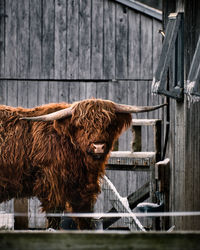 Close-up of a long horn 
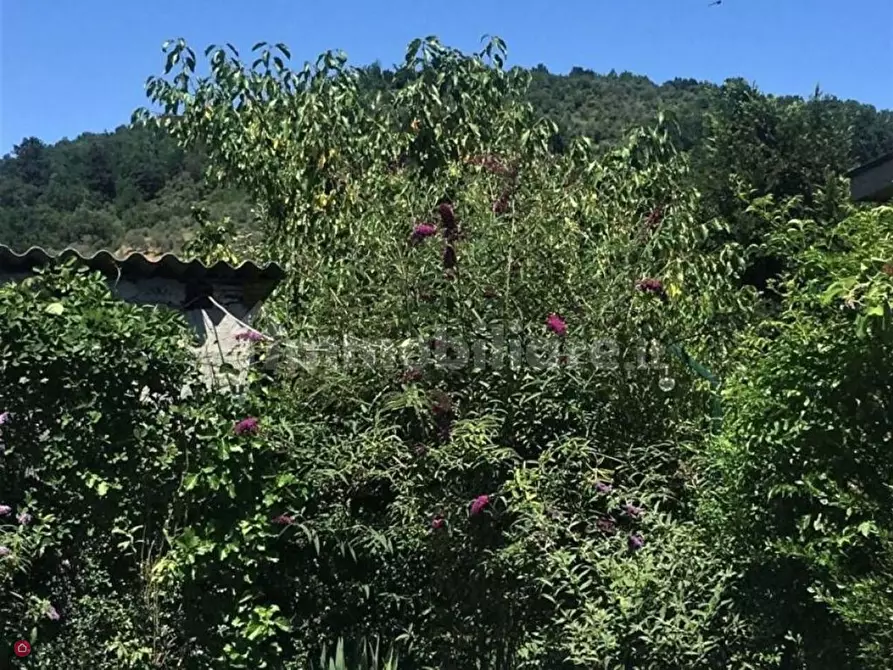 Immagine 5 di Casa indipendente in vendita  a Fivizzano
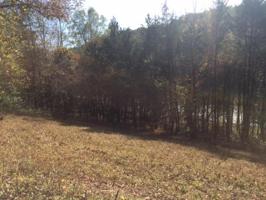 0 Long Hollow Lane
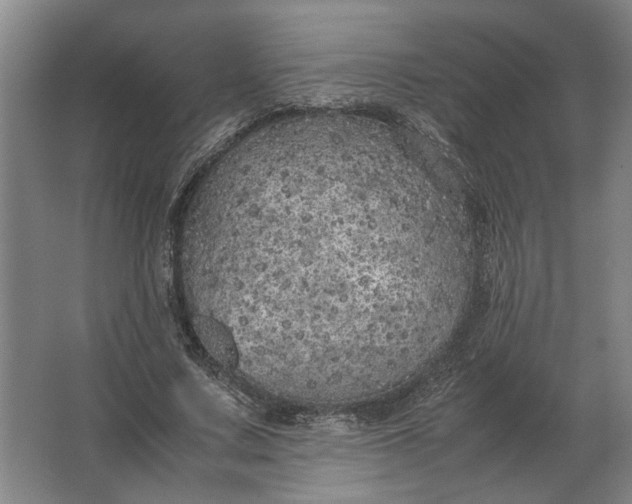 X0000062920683200601271806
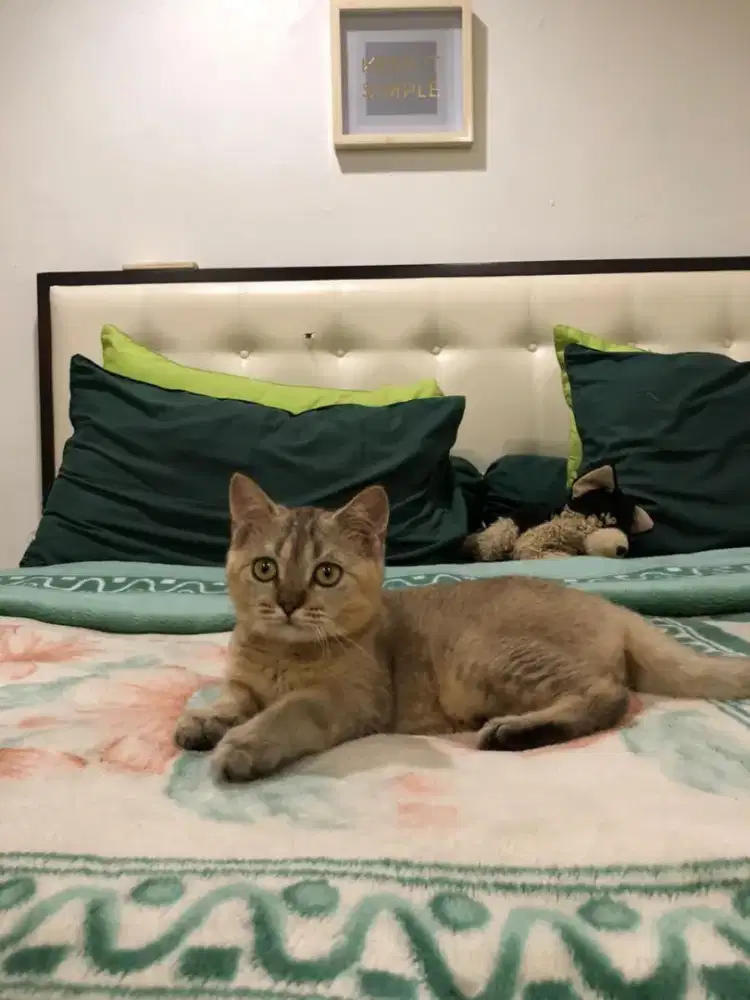 Pure BSH Golden Jantan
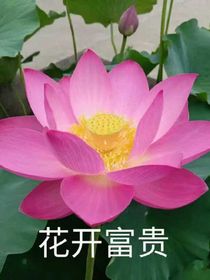 愛情來了嗎？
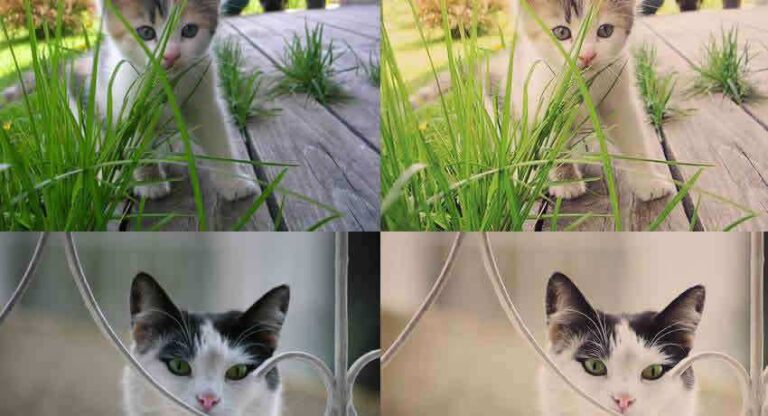 40+ Best Free Photoshop Actions & Effects in 2025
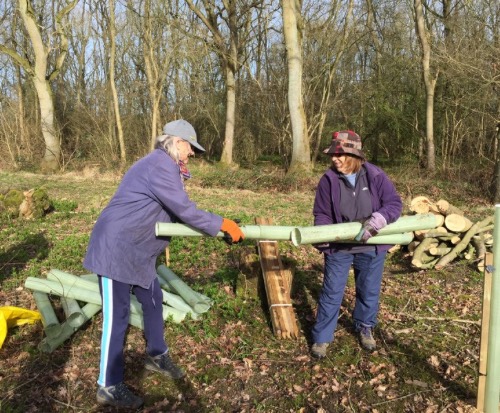 two women with tree tubes in woodland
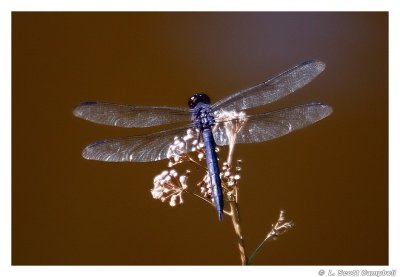 Dragonfly.4926.jpg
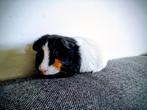 Jonge cavia driekleur gladhaar beertje, Dieren en Toebehoren, Knaagdieren, Cavia, Mannelijk, Tam, Oktober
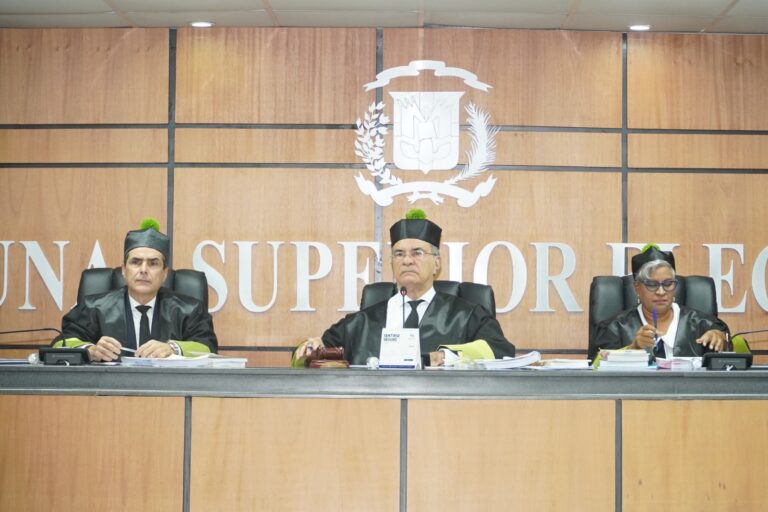 El PPG apela ante el Tribunal Superior Electoral resolución de la Junta Central Electoral sobre diputación nacional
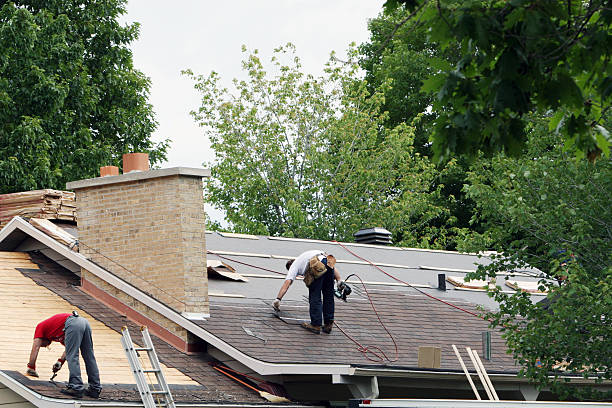 Best Roof Gutter Cleaning  in Houma, LA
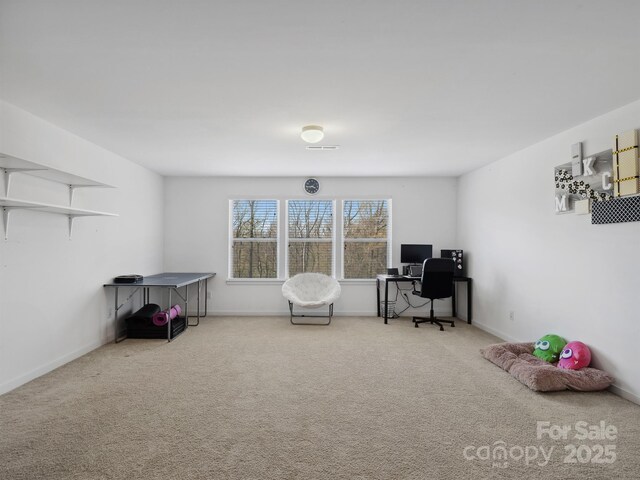 8137 Bryson Rd, Fort Mill, SC 29707 - photo 27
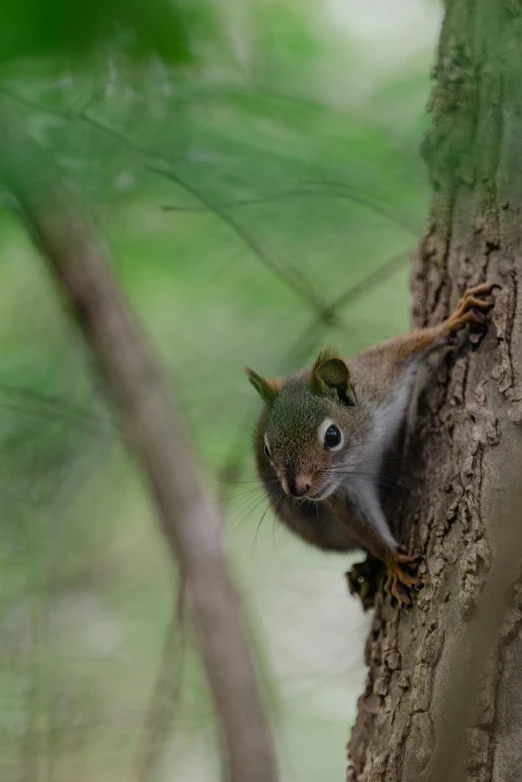 squirrel sitting up against the bark of a tree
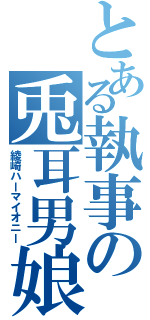 とある執事の兎耳男娘（綾崎ハーマイオニー）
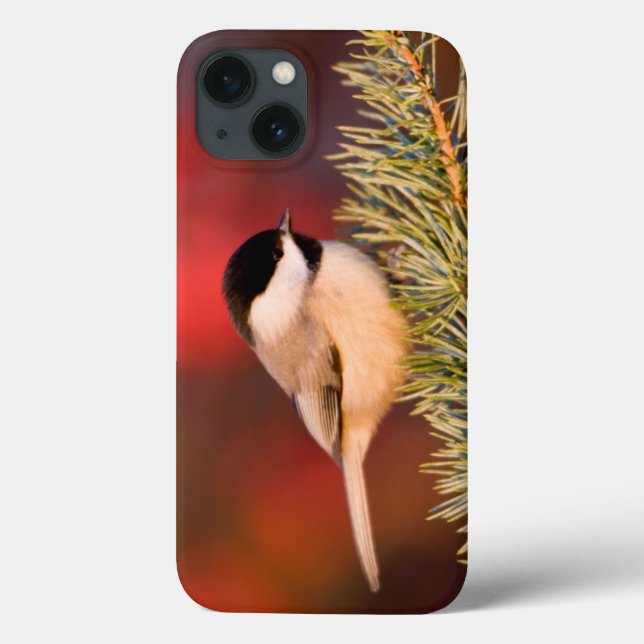 Carolina Chickadee i blåttkartbokcederträ (Baksida)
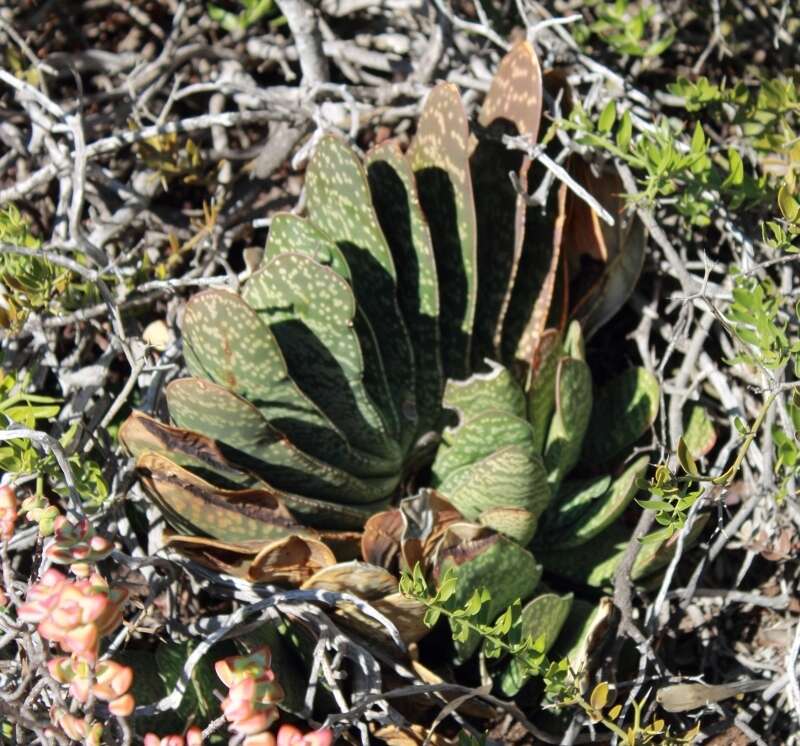 Image of Gasteria disticha var. disticha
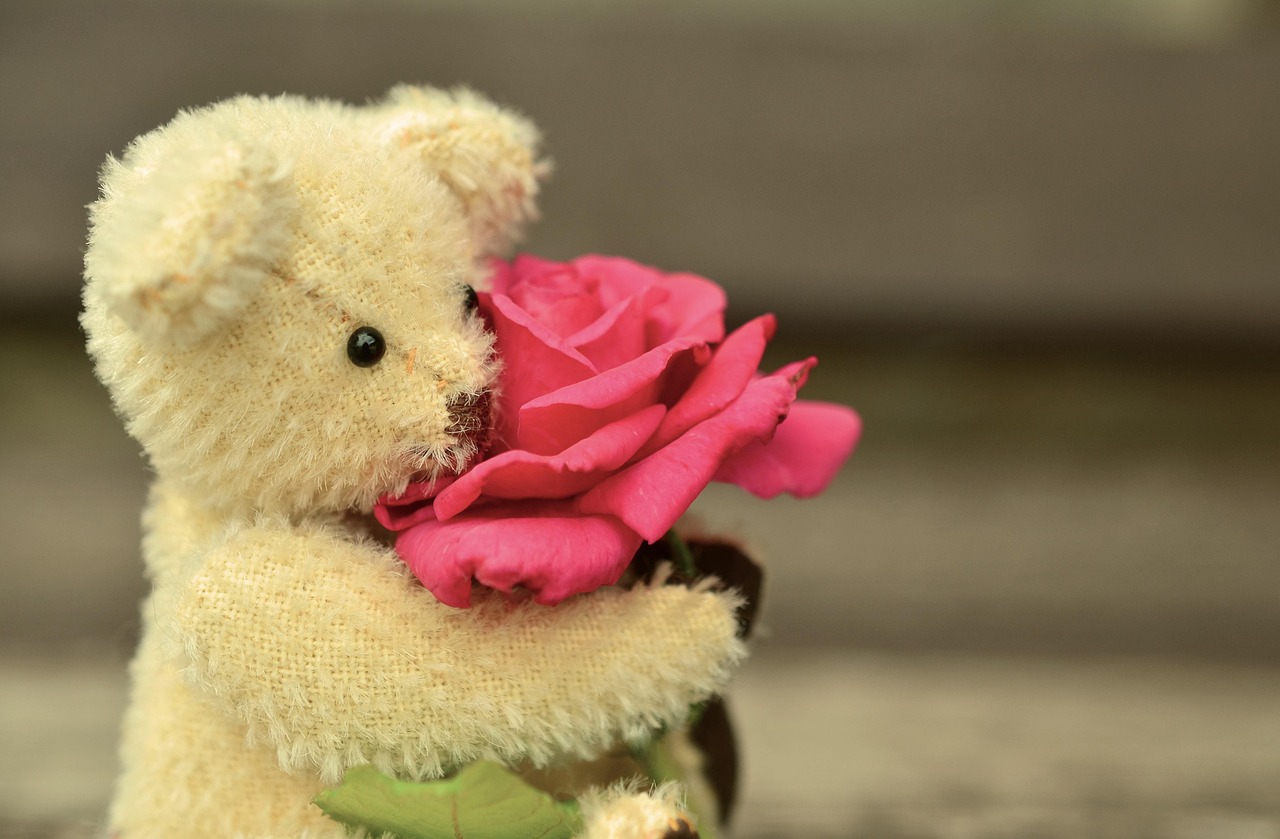 Find the Perfect Valentine's Day Teddy Bear for Your Loved One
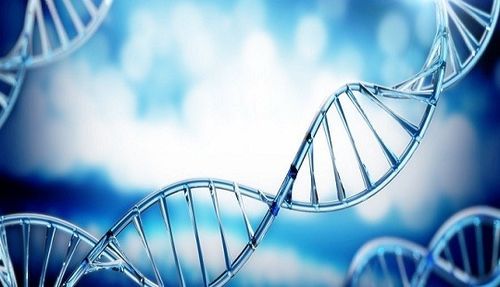 人体干细胞技术开发 从基础研究到临床应用的前沿探索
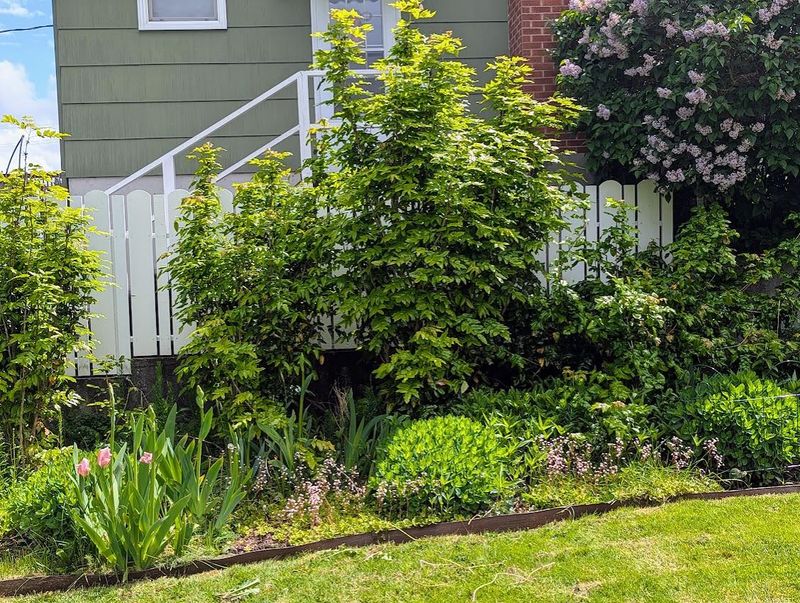 Embracing Native Moss Species for Authentic Forest Floors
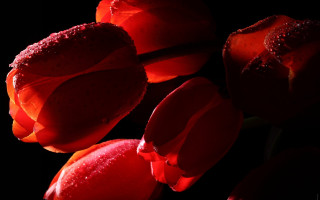 Red black flower water droplets 2 - petal and petals free wallpaper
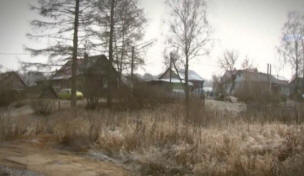 В село Нов живот близо до Москва се случва истинска дяволия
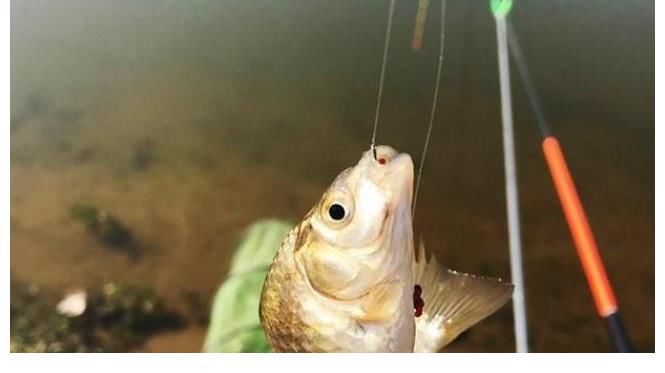 套路|水一流，你就收竿不钓，30年老钓手用这套路，上鱼又快又狠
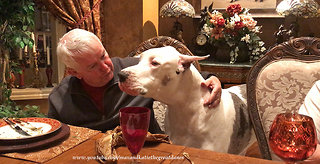 Deaf Great Dane Says Thank You To Grandpa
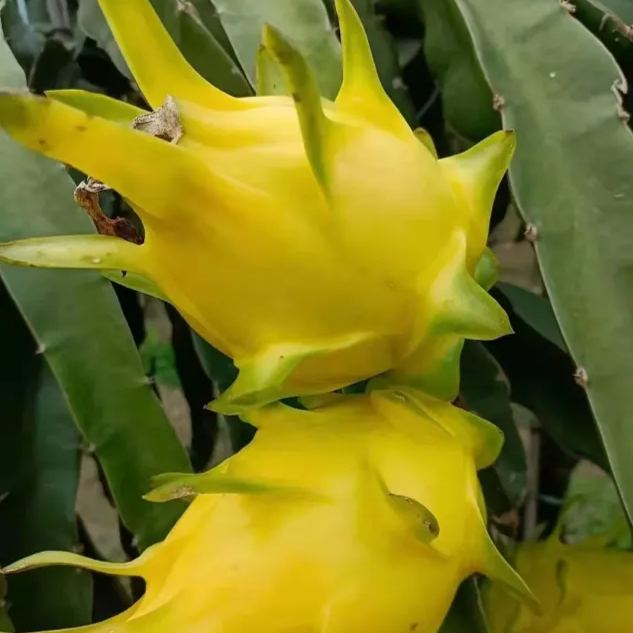 Multi-colored Dragon Fruit Seeds-Plantjoyfarm-Fruit Seeds,best selling
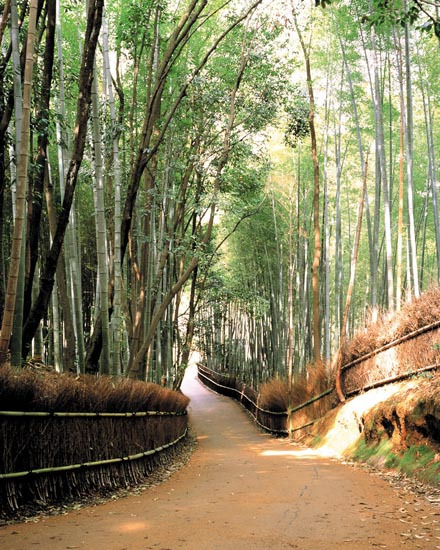 德清县风景图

# # #

**Task to carry out**
Return all the records exactly, excluding images.

**Task output**
 Close-up of a long horn 
 Immagine 5 di Casa indipendente in vendita  a Fivizzano
 0 Long Hollow Lane
 X0000062920683200601271806
 Pure BSH Golden Jantan
 愛情來了嗎？
 40+ Best Free Photoshop Actions & Effects in 2025
 two women with tree tubes in woodland
 Dragonfly.4926.jpg
 Jonge cavia driekleur gladhaar beertje, Dieren en Toebehoren, Knaagdieren, Cavia, Mannelijk, Tam, Oktober
 El PPG apela ante el Tribunal Superior Electoral resolución de la Junta Central Electoral sobre diputación nacional
 Best Roof Gutter Cleaning  in Houma, LA
 8137 Bryson Rd, Fort Mill, SC 29707 - photo 27
 squirrel sitting up against the bark of a tree
 とある執事の兎耳男娘（綾崎ハーマイオニー）
 Carolina Chickadee i blåttkartbokcederträ (Baksida)
 Image of Gasteria disticha var. disticha
 Find the Perfect Valentine's Day Teddy Bear for Your Loved One
 人体干细胞技术开发 从基础研究到临床应用的前沿探索
 Embracing Native Moss Species for Authentic Forest Floors
 Red black flower water droplets 2 - petal and petals free wallpaper
 В село Нов живот близо до Москва се случва истинска дяволия
 套路|水一流，你就收竿不钓，30年老钓手用这套路，上鱼又快又狠
 Deaf Great Dane Says Thank You To Grandpa
 Multi-colored Dragon Fruit Seeds-Plantjoyfarm-Fruit Seeds,best selling
 德清县风景图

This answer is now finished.